Master of Music Education to address the predicted 12.3 percent growth in the number of positions available for art, drama and music teachers between 2020 and 2030.

Bachelor of Science in Data Science to meet the high market demand for data scientists and professionals. 


  • Lease of Space in Greenville: Approval to enter into a lease for space in Greenville on the CU-ICAR Campus for CECAS in support of the University’s research contract with the Department of Defense, which supports Clemson’s Virtual Prototype of Ground Systems Center while also accommodating space for CECAS’s Center for Workforce Development and University Professional Programs.
  • Old Stone Church/Cherry Road Right-of-way Acquisition: Approval to provide a 0.64-acre right-of-way to SCDOT at no cost to improve intersection safety and alleviate traffic congestion.
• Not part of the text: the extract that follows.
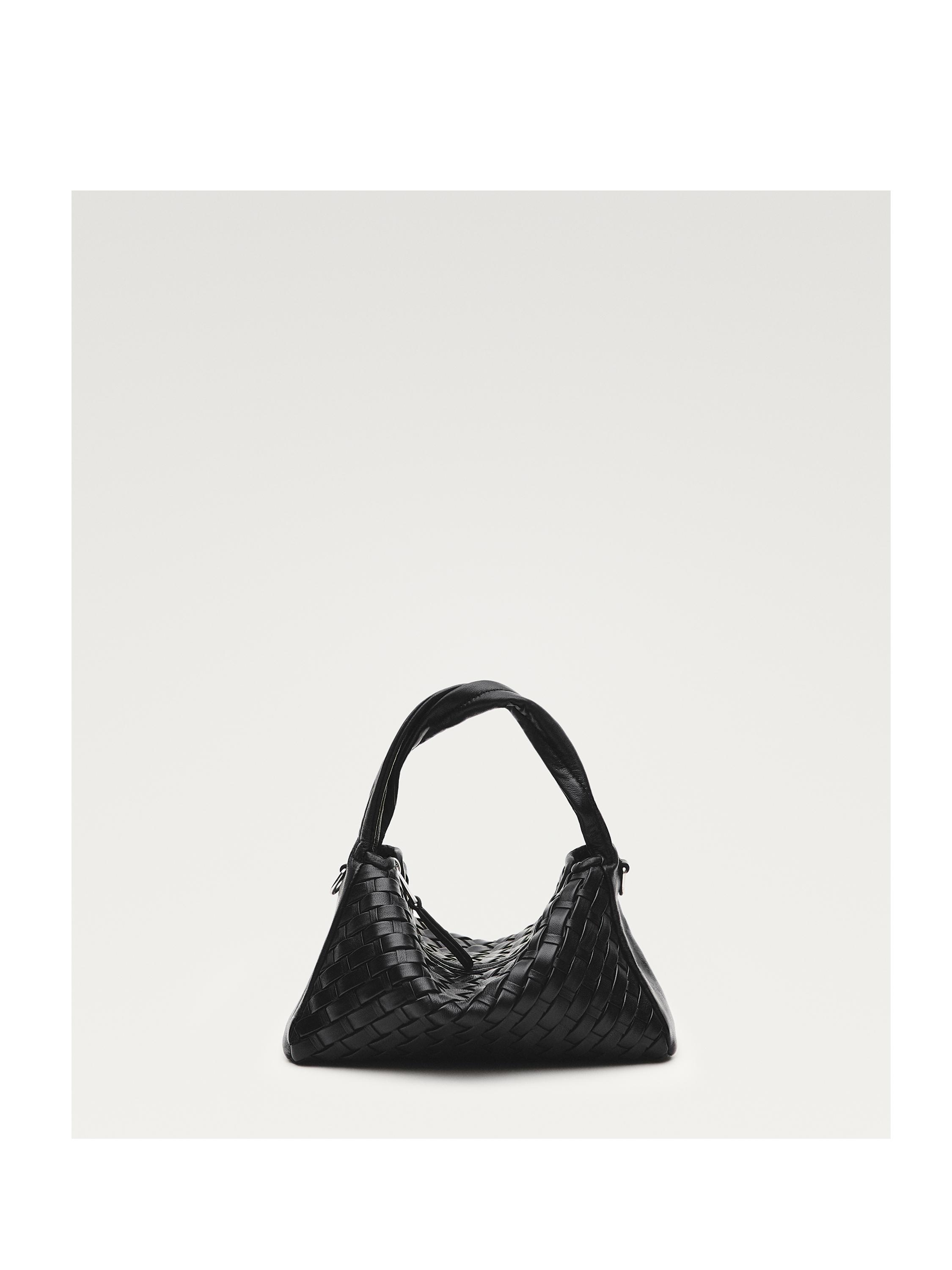 Mini borsa intrecciata in pelle nappata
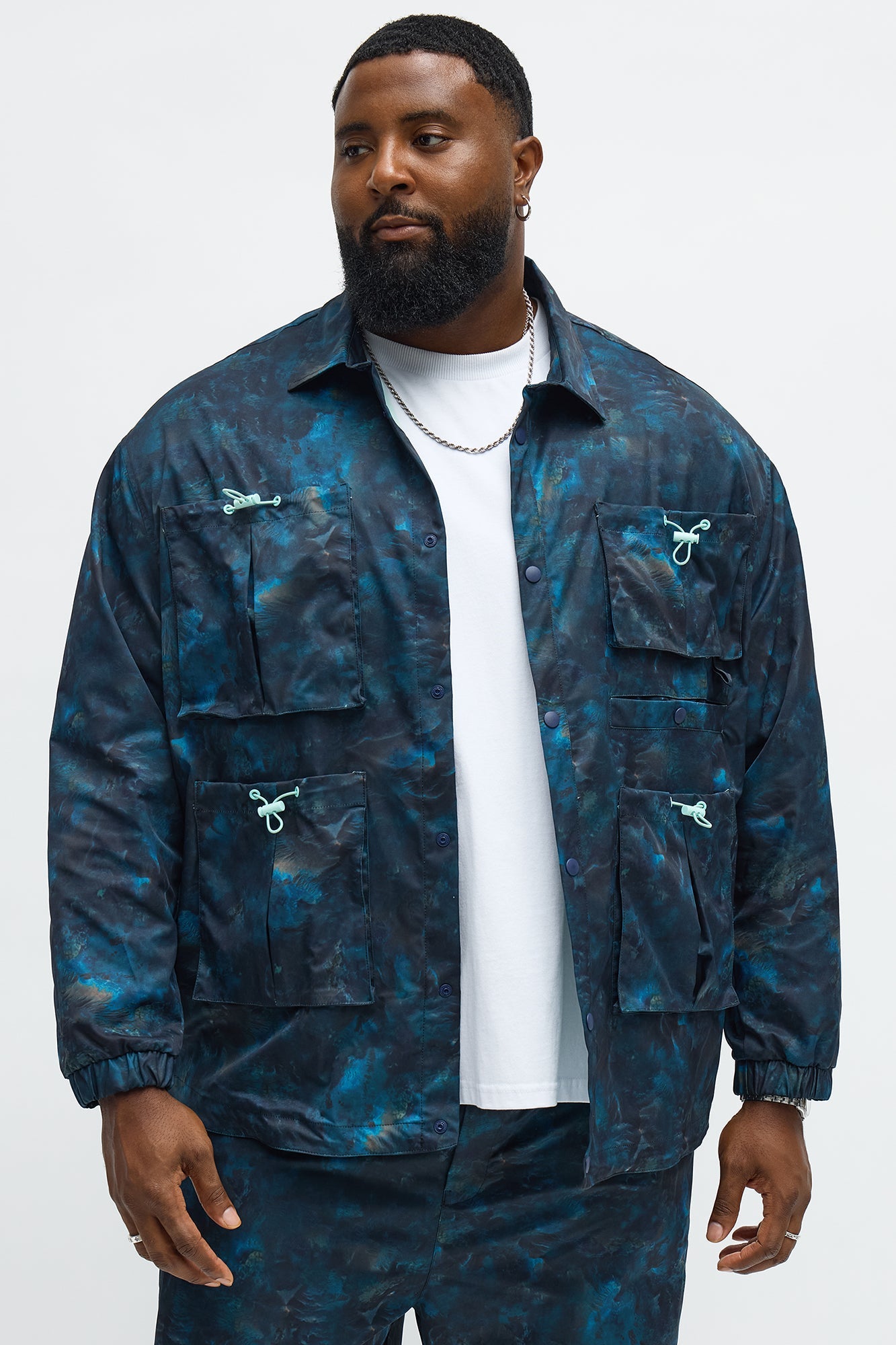 Relaxed Viktor Utility Jacket - Blue/combo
Costs for construction is to be shared between the University, the City of Clemson and SCDOT with funding identified.
  • CURF Property Acquisitions in Pendleton: Approval to acquire two properties from the Clemson University Research Foundation (CURF): 
  • 1.39 acres located on Westinghouse Road immediately adjacent PSA’s Regulatory Services Building. 
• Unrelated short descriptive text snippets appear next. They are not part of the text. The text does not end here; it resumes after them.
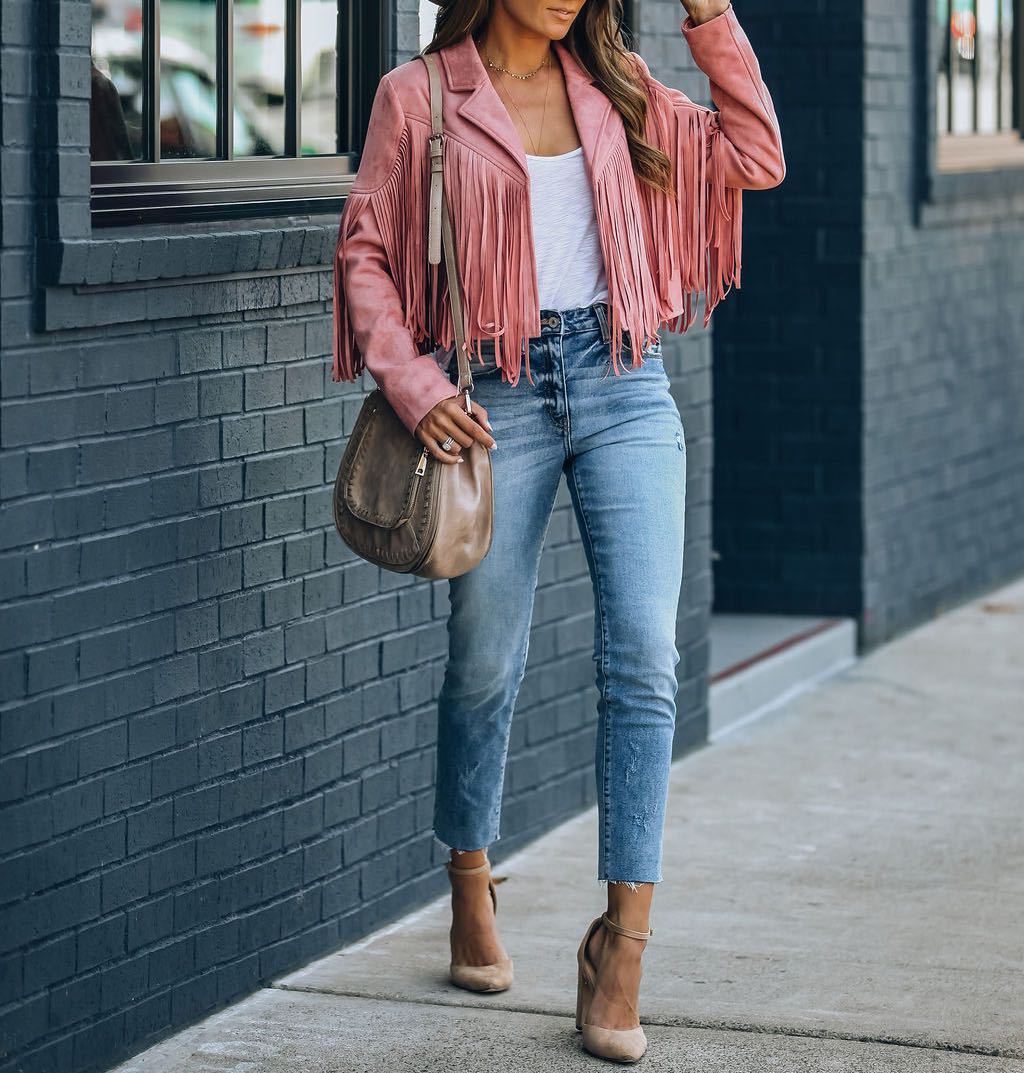 Leena | Cropped Boho Fringe Suede Jacket for Women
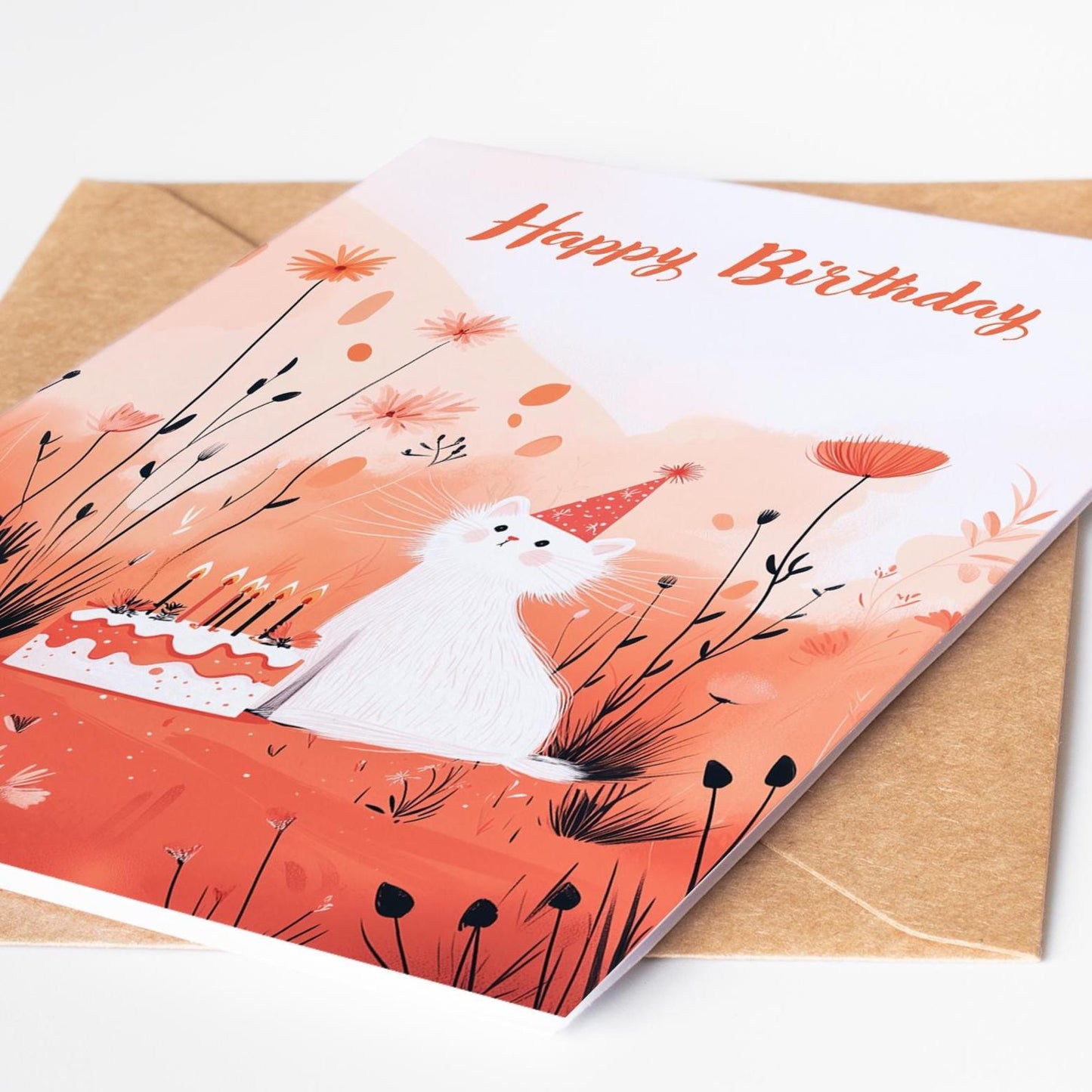 Cat folk-art greeting card, blank inside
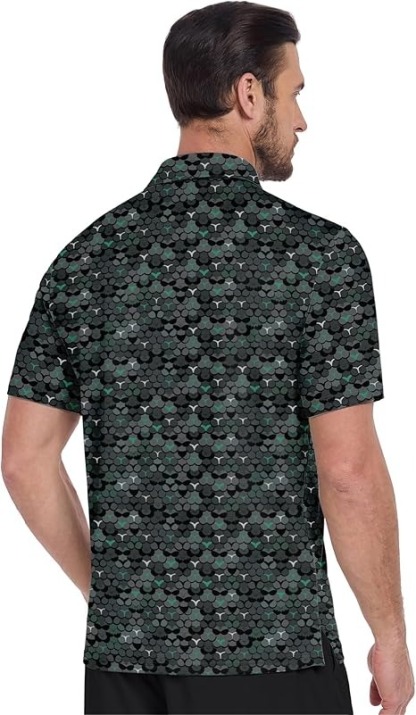 ZITY Men's Printed Dri Fit Performance Golf Polo Shirt-CUMPO05189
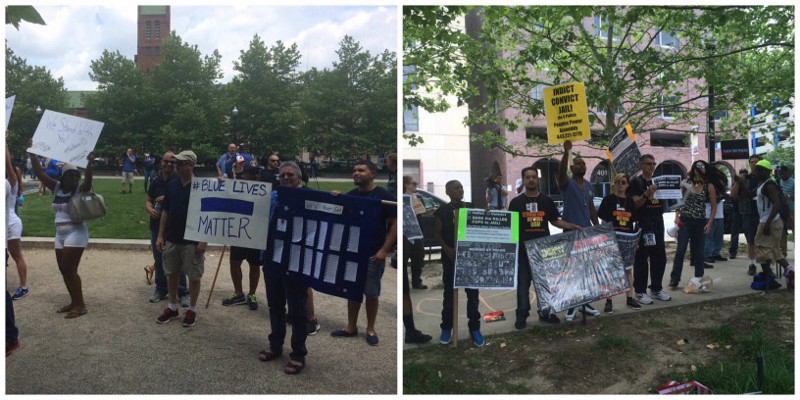 Two groups of protesters confront each other — Baltimore police officers and Black Lives Matter activists. CREDIT: Kira Lerner
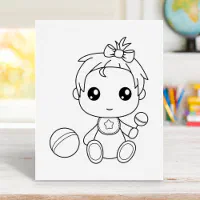 Baby Girl Jumpsuit Coloring Page Poster | Zazzle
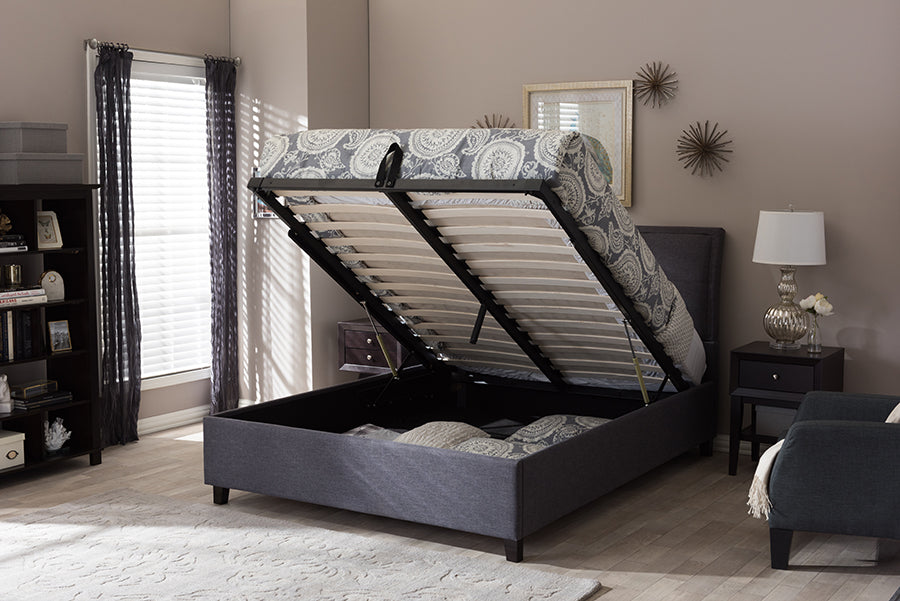 Baxton Studio Lea Modern and Contemporary Dark Grey Fabric Queen Size Storage Platform Bed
  • 1.1 acres on Computer Court immediately adjacent to CU’s Information Technology Center.
  • Women’s Sports Program Expansion Funding Change: Approval to change the funding structure from bonds and cash to all cash to preserve debt capacity for future projects.
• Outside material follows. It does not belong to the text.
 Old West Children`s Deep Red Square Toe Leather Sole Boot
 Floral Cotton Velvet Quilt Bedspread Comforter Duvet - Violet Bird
  • Performance and Wellness Core – PHASE I: Approval to invest $50m to renovate approximately 14,000 square feet of an existing 51-year-old space while adding a 50,000-square-foot addition for volleyball, sports medicine, nutrition, and strength and conditioning.
  • Chiller Plant Expansion and Upgrades: Approval for phase 2 and bond resolution for the chiller plant expansion, which supports continued campus growth by proactively developing chiller capacity to support central campus building cooling and upcoming CPIP projects. The project further supports new buildings coming online, such as Lehotsky replacement, Advanced Materials Innovation Center, and Performance and Wellness Core.

Guest speakers included:

  • Brian Powell, 2022 Clemson Researcher of the Year and this year’s recipient of the Class of ’39 Award. His research is helping form the technical basis for designing repositories to store spent fuel from nuclear power plants and to clean up sites contaminated by nuclear-weapons production. 
  • Will Whitley, a member of Clemson’s Industry Advisory Board and director of state, local government affairs and community relations for Michelin. Clemson was one of three universities selected by Michelin this year to form a University Partnership Strategic Working Team. The team will work to identify collaborative opportunities with key strategic University partners. Clemson’s Michelin Career Center is consistently ranked as one of the best nationally.
  • Dr. Lesslie Pekarek of Redfern Health Center shared information on the University’s medical services division, highlighting the current state of student health care provided on campus, patient satisfaction data, and she identified areas of opportunity and action committed to improvement.